- _Data excerpt_:
---

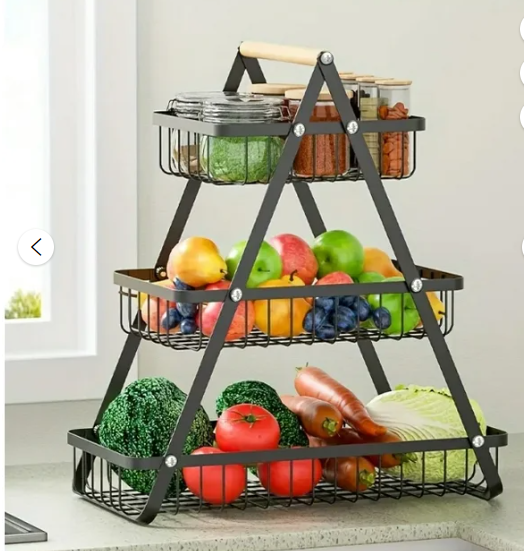 3 Tier Fruit Basket with Wooden Handles, TAIMASI Metal Storage Basket Kitchen Office Home Counter Dining Organizer for Fruit, Vegetable, Snacks, Black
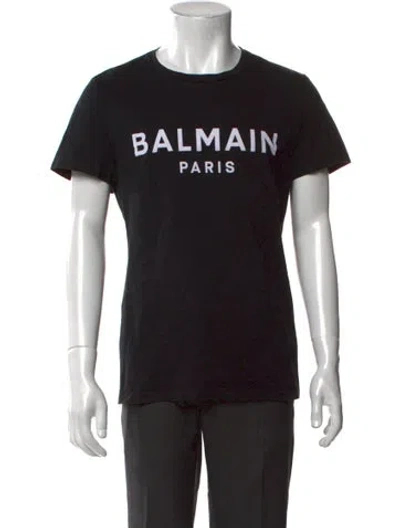 Pre-owned Balmain Graphic Print Crew Neck T-shirt In Black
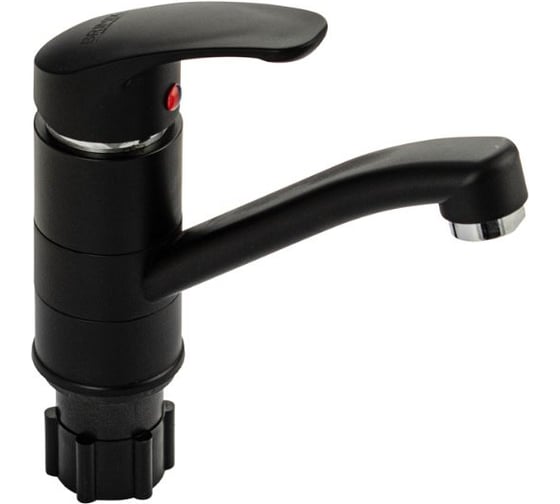 Изображение товара Смеситель для раковины, кухонной мойки BRIMIX шаровый, с поворотным изливом 15 см, из высокопрочного АБС пластика, цвет черный 5691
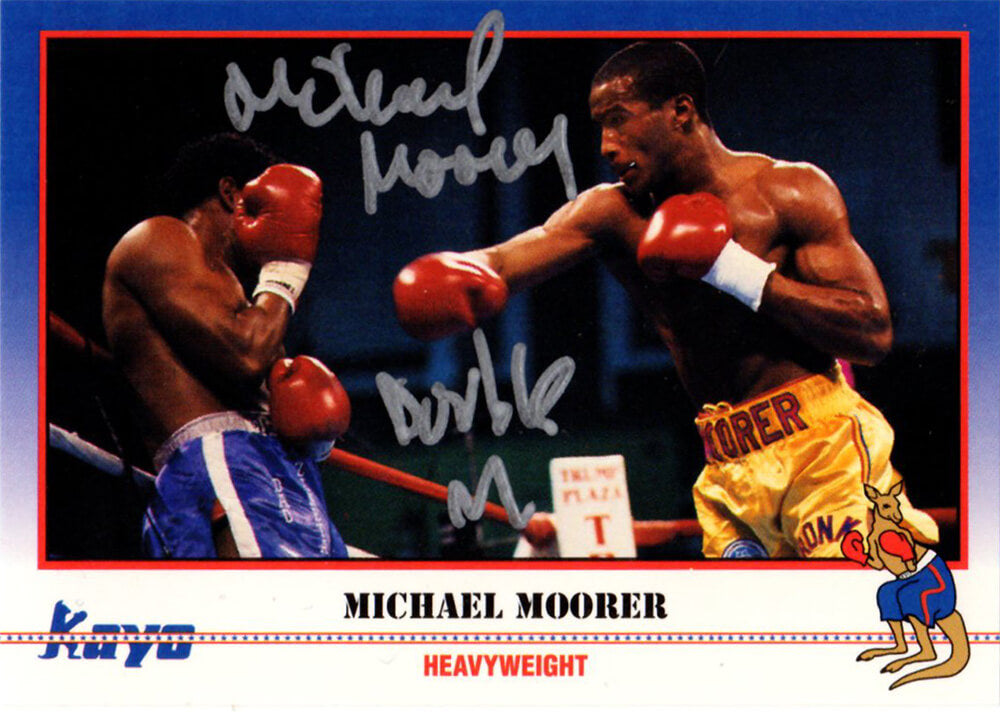 Michael Moorer Signed 1991 Kayo Boxing Trading Card #207 w/Double M - MOOCAR506 - Michael Moorer Signed 1991 Kayo Boxing Trading Card #207 w/Double M product image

---

- _Work required_: Each line from the one that contains "Изображение товара Смеситель" to the end of the listing must be quoted exactly; no other line and no picture belongs in the copy.

- _Exercise output_:
 Изображение товара Смеситель для раковины, кухонной мойки BRIMIX шаровый, с поворотным изливом 15 см, из высокопрочного АБС пластика, цвет черный 5691
 Michael Moorer Signed 1991 Kayo Boxing Trading Card #207 w/Double M - MOOCAR506 - Michael Moorer Signed 1991 Kayo Boxing Trading Card #207 w/Double M product image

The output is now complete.